▶ [ACTION ITEM] Quote all entries exactly, leaving pictures aside.

▶ [LISTED ENTRIES]

★ ★ ★ ★ ★ ★ ★

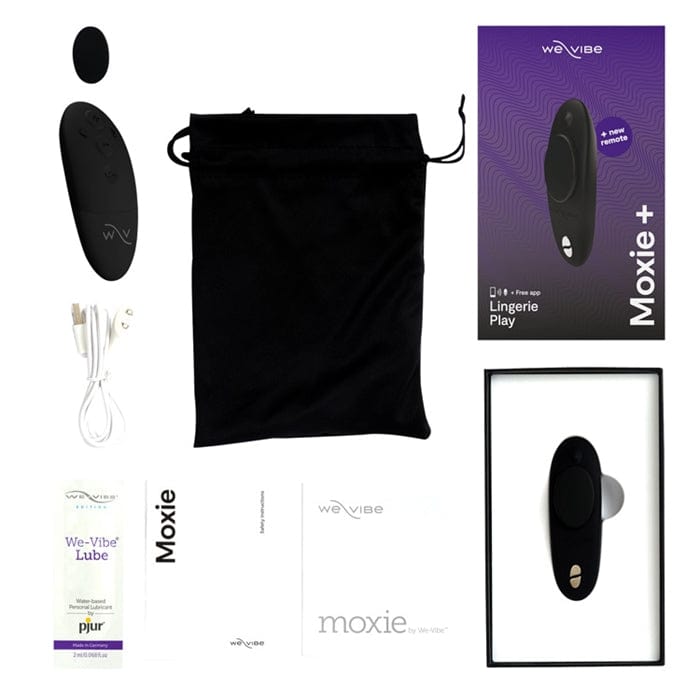 We-Vibe Moxie+ Wearable Clitoral Stimulator with App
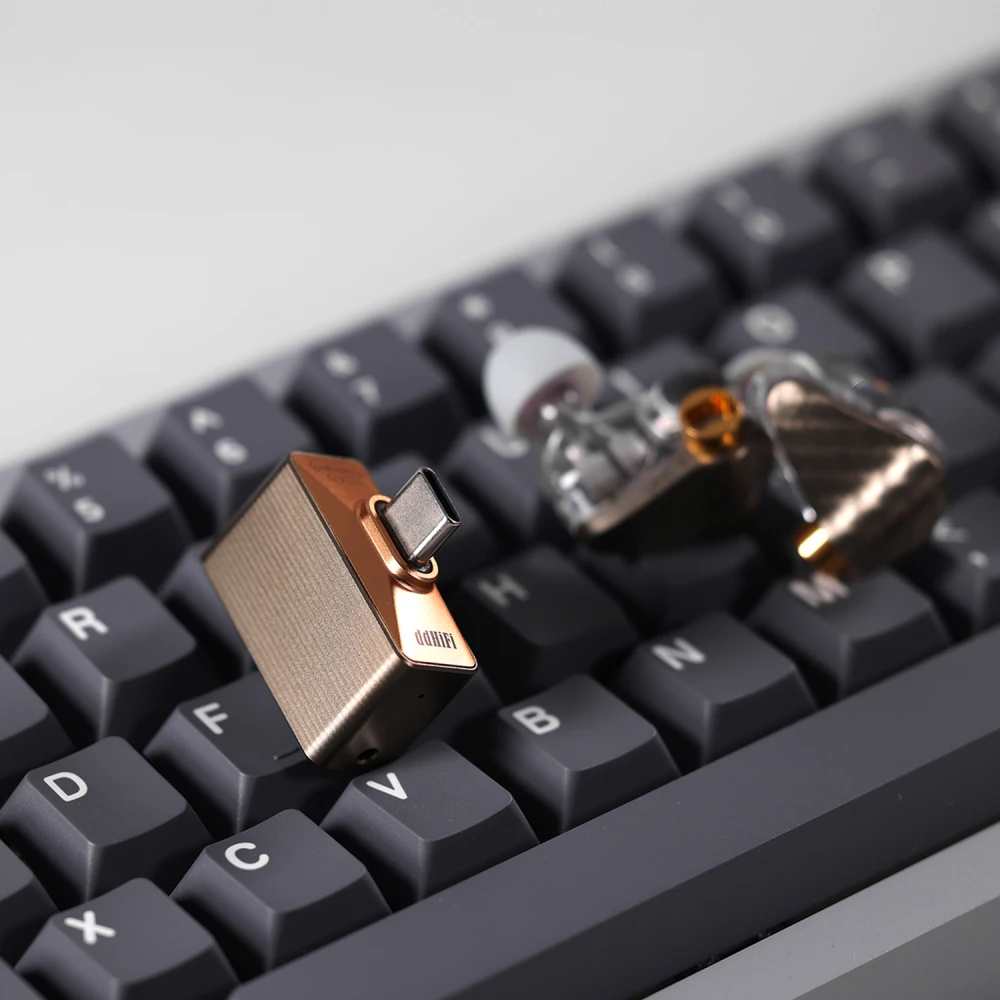 DDHiFi TC44pro M3 Portabel Ganda CS43198 USB DAC 4.4Mm Tipe C Headphone Amp Adapterlifier TC44 Pro M3 IEM AMP Dongle Ponsel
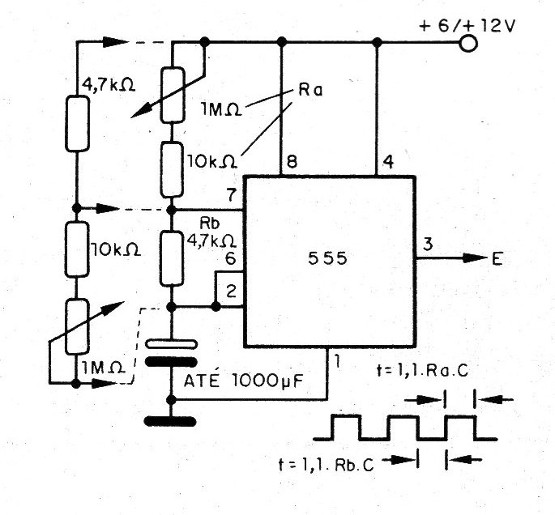 Figura 17 - 555 astable
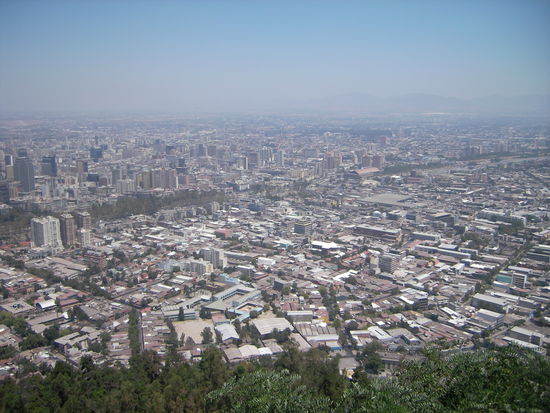 Die 7 Mio-Stadt Santiago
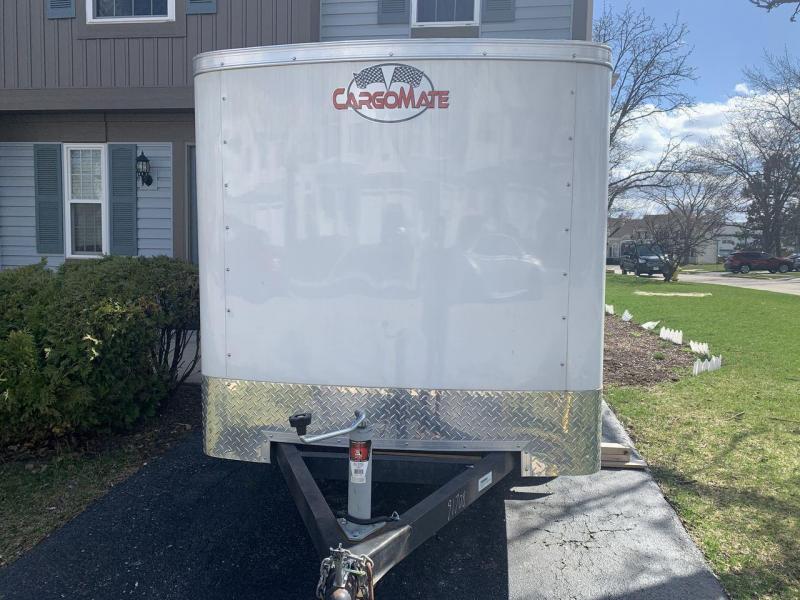2018 Cargo Mate 5 x 8 Single Axle Enclosed Cargo Trailer 2018 Cargo Mate 5 x 8 Single Axle Enclosed Cargo Trailer
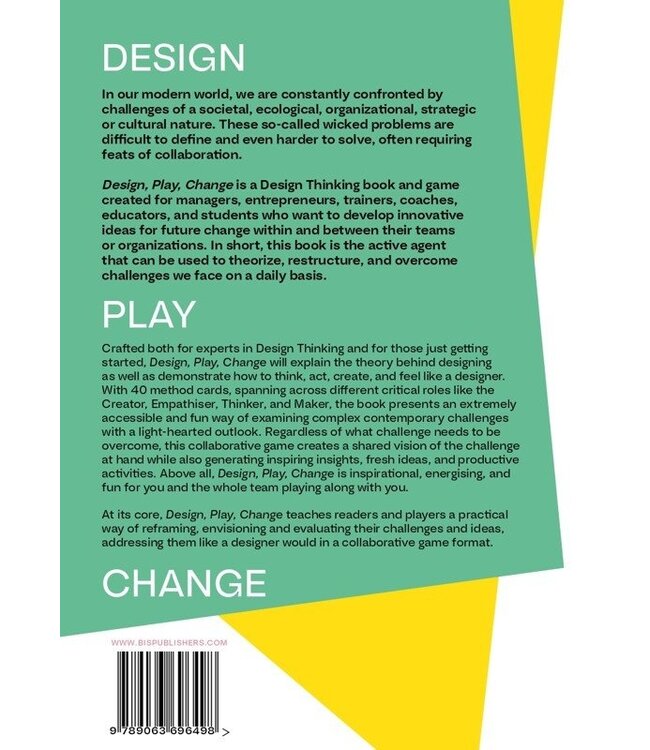 Design, Play, Change
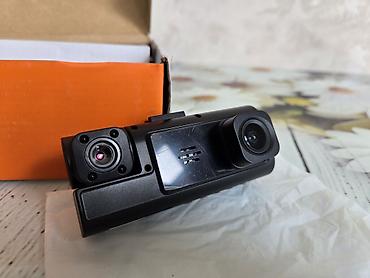 xiaomi adsl modem: İki linzalı avtomobil DVR (dashcam) Xüsusiyyətlər: - İki kamera — 4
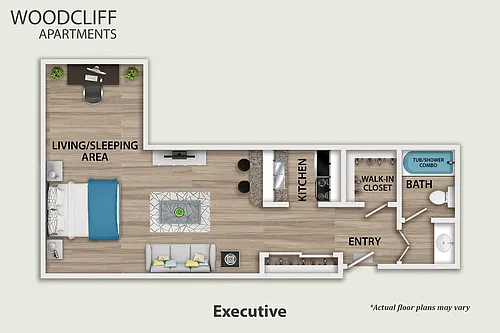 Floor plan Executive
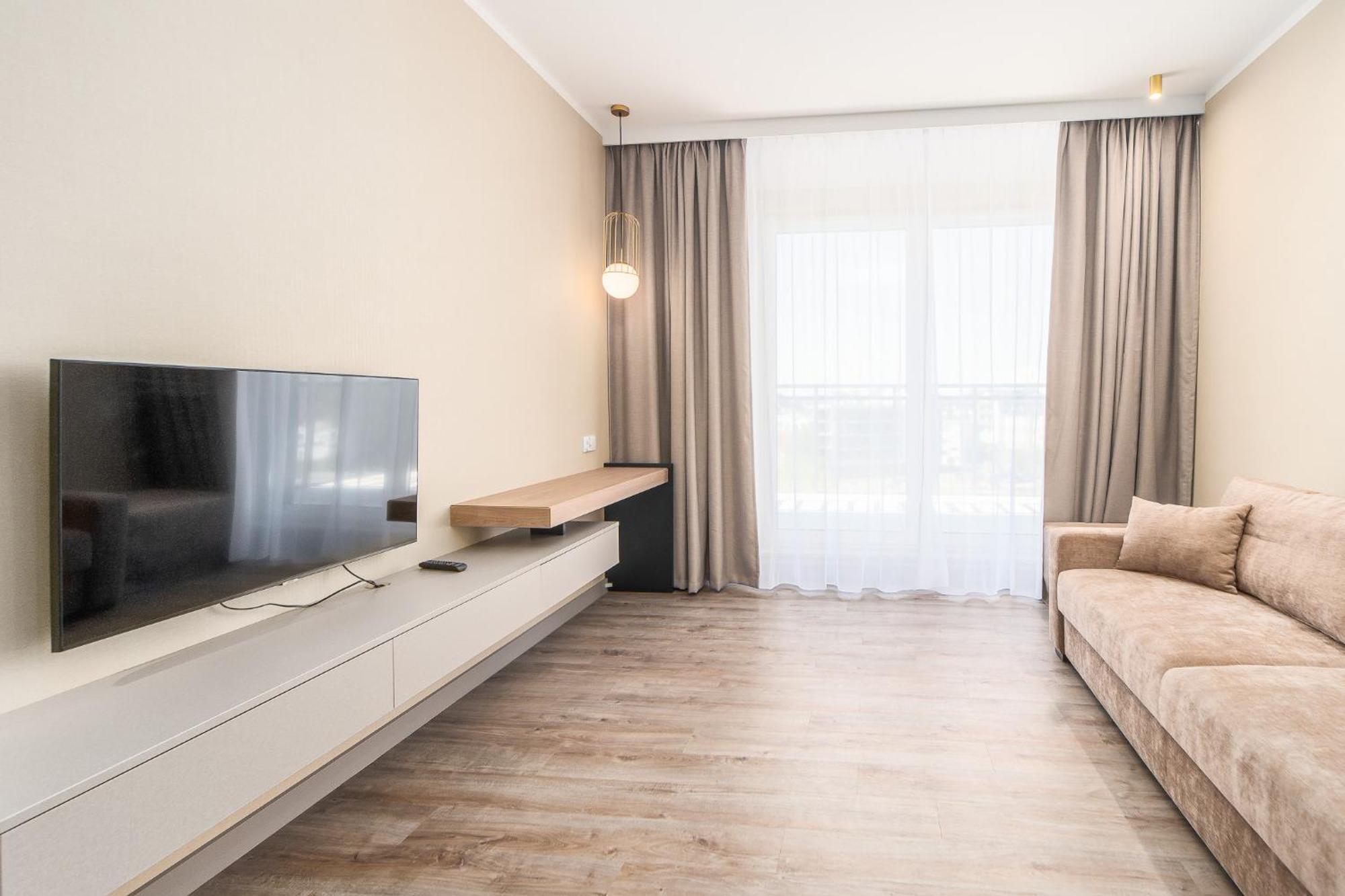 Bel Mare Holiday Apartments Near The Beach With Parking By Noclegi Renters เมียนซิดดรอแย ภายนอก รูปภาพ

★ ★ ★ ★ ★ ★ ★

▶ [REPLY TO THE EXERCISE]
 We-Vibe Moxie+ Wearable Clitoral Stimulator with App
 DDHiFi TC44pro M3 Portabel Ganda CS43198 USB DAC 4.4Mm Tipe C Headphone Amp Adapterlifier TC44 Pro M3 IEM AMP Dongle Ponsel
 Figura 17 - 555 astable
 Die 7 Mio-Stadt Santiago
2018 Cargo Mate 5 x 8 Single Axle Enclosed Cargo Trailer 2018 Cargo Mate 5 x 8 Single Axle Enclosed Cargo Trailer
 Design, Play, Change
 xiaomi adsl modem: İki linzalı avtomobil DVR (dashcam) Xüsusiyyətlər: - İki kamera — 4
 Floor plan Executive
 Bel Mare Holiday Apartments Near The Beach With Parking By Noclegi Renters เมียนซิดดรอแย ภายนอก รูปภาพ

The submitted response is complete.